## Input data
*** Block opens ***
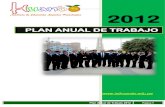 Plan anual-de-trabajo-2012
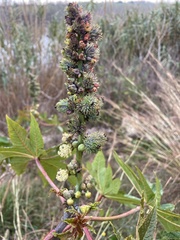 Ricinus communis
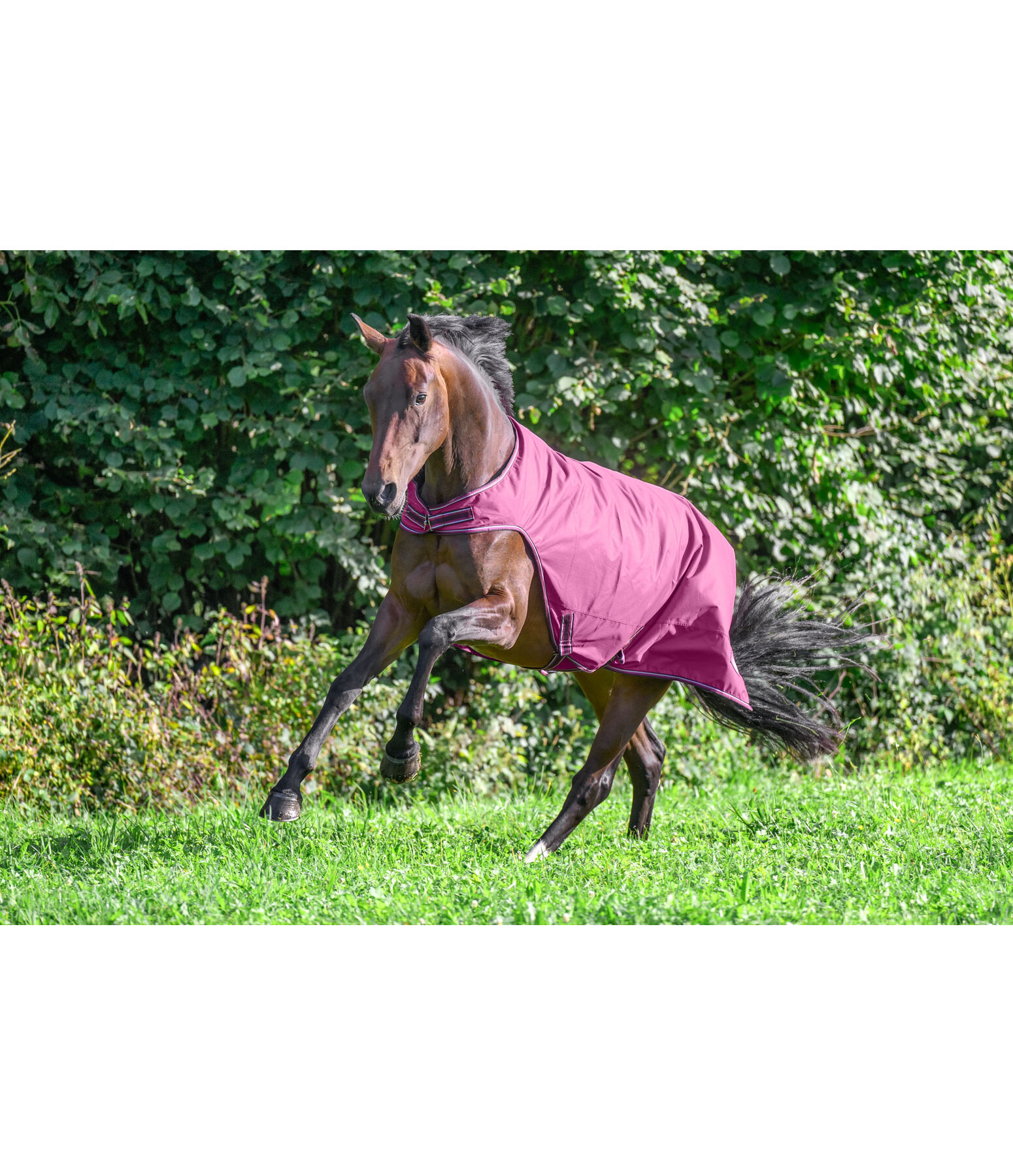 Outdoor Walker Rug Kasimo II, 0g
*** Block closes ***
## Task description
Every line above should be reproduced exactly, please, with no pictures included.

## Exercise output
 Plan anual-de-trabajo-2012
 Ricinus communis
 Outdoor Walker Rug Kasimo II, 0g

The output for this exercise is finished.